■ WHAT YOU ARE ASKED TO DO
Beginning with the line below that contains "Long Beach Apartment: 1100 Elm Avenue" and ending with the line that contains "MATEO HUNTER online", retype every line exactly. Pictures are not copied.

■ RECORDS SUPPLIED
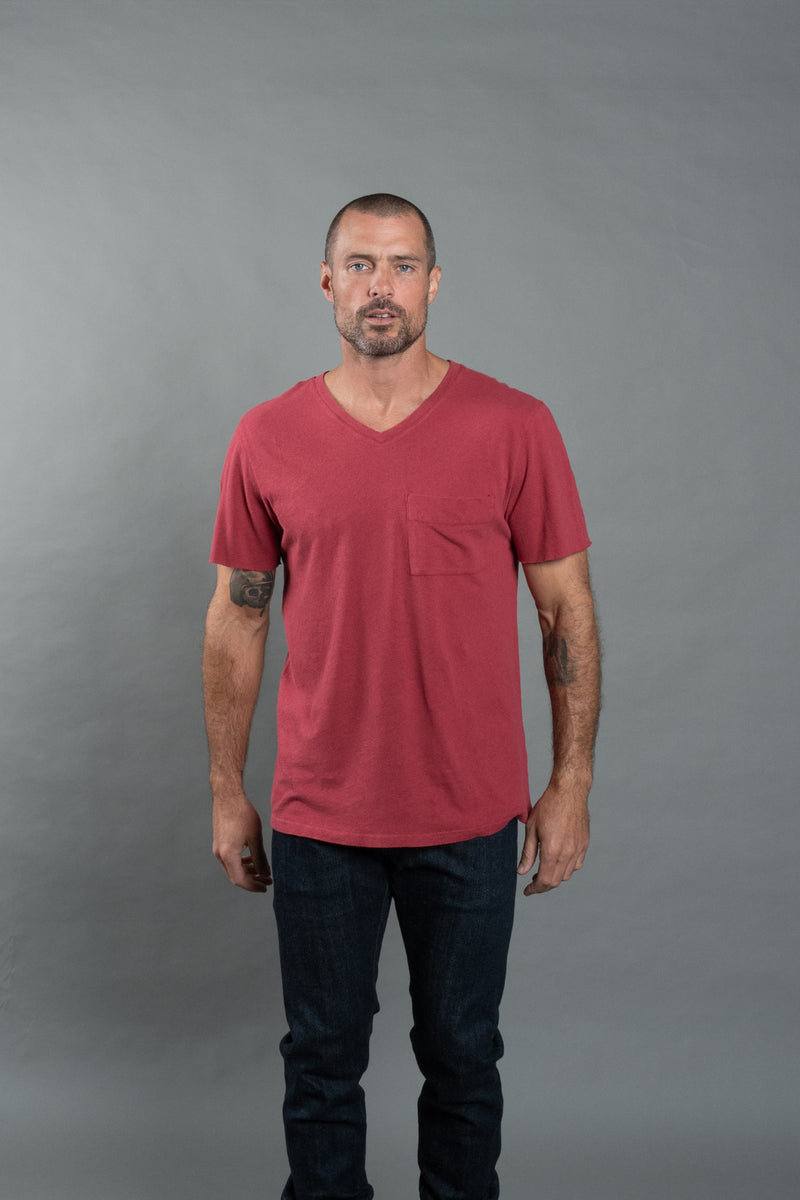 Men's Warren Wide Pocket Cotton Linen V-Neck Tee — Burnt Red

---

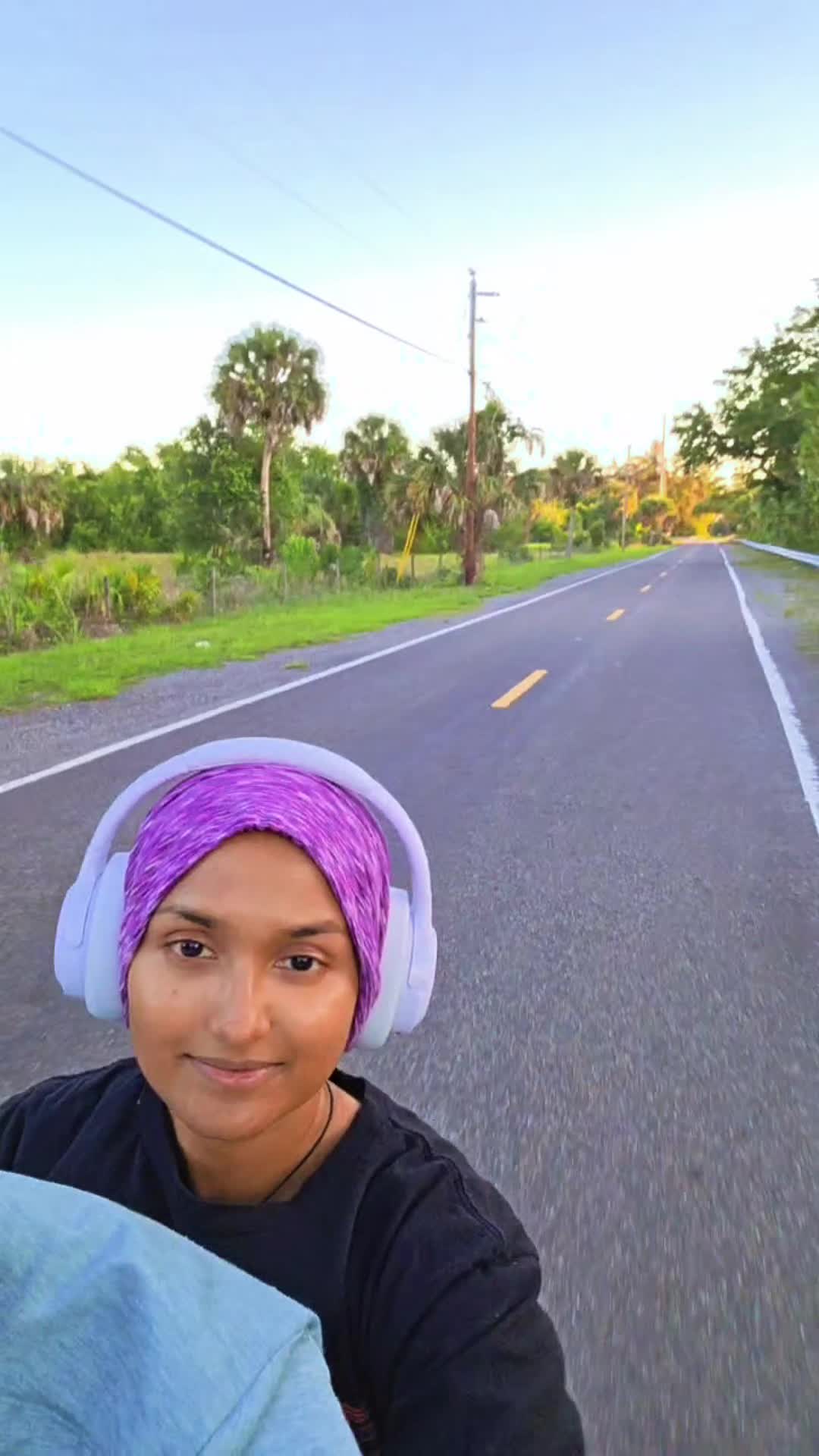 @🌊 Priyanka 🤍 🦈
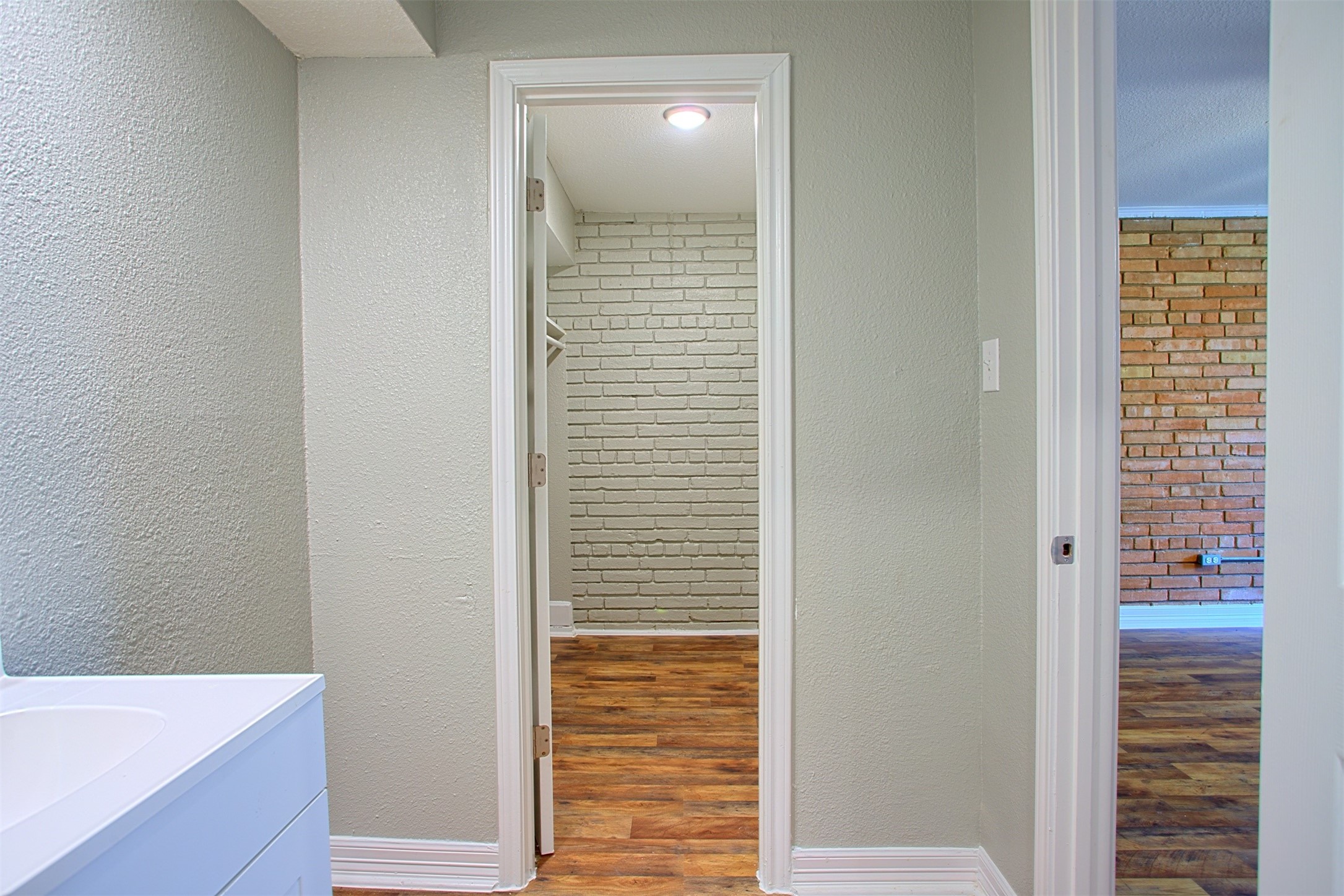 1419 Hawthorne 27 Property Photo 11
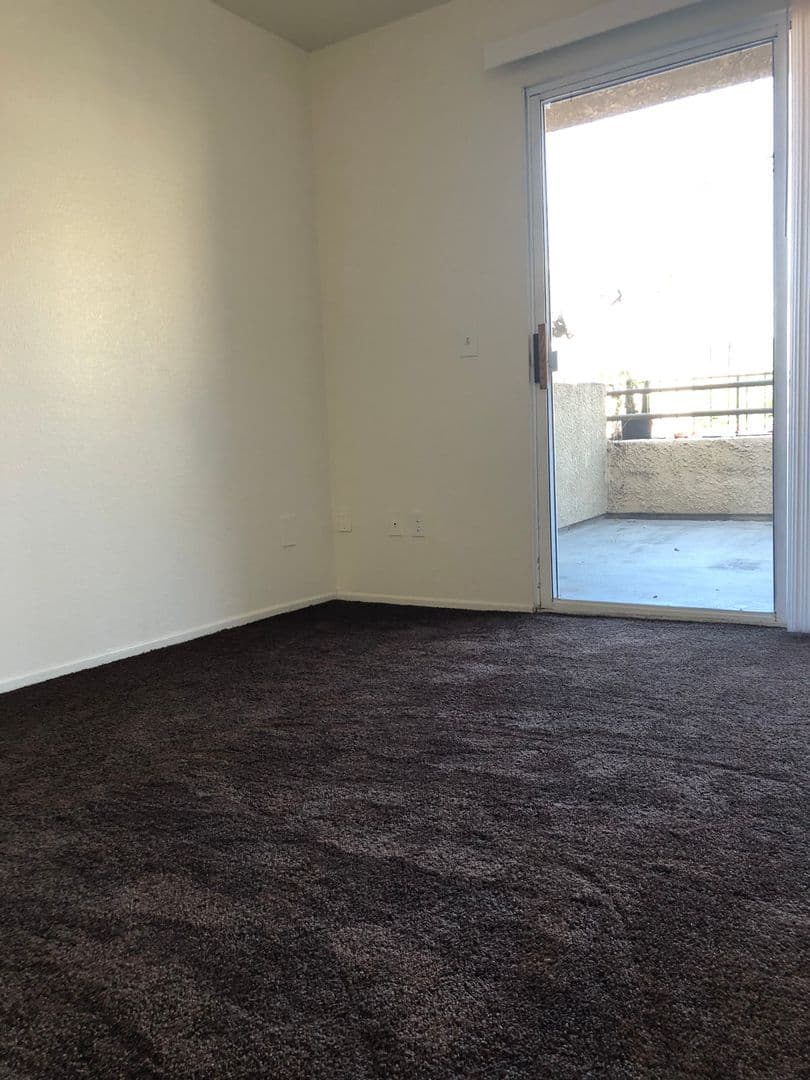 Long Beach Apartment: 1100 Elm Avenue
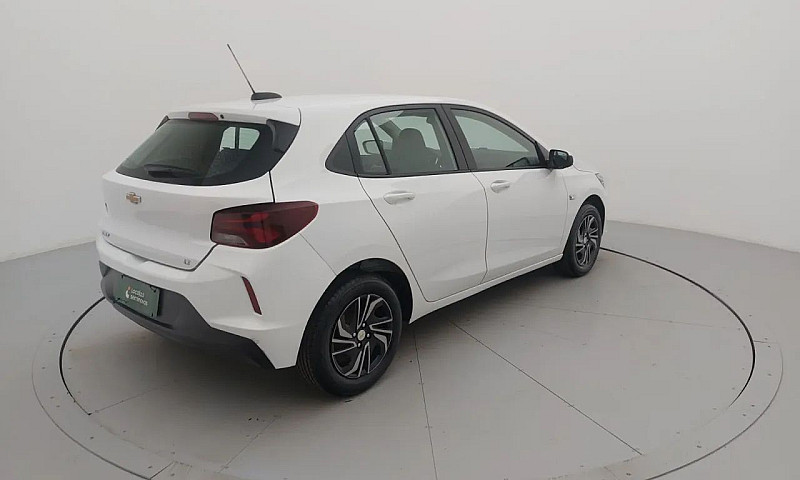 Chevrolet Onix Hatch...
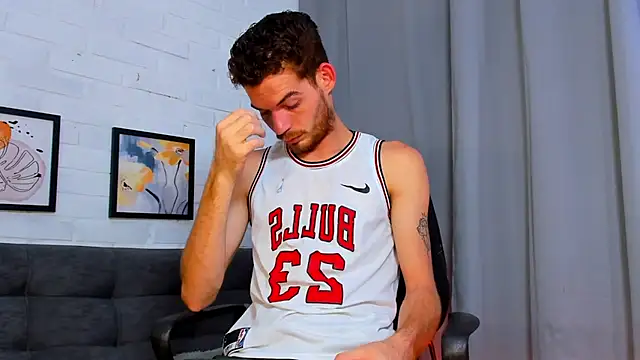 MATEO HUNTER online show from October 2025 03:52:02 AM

■ REPLY TO THE TASK
 Long Beach Apartment: 1100 Elm Avenue
 Chevrolet Onix Hatch...
 MATEO HUNTER online show from October 2025 03:52:02 AM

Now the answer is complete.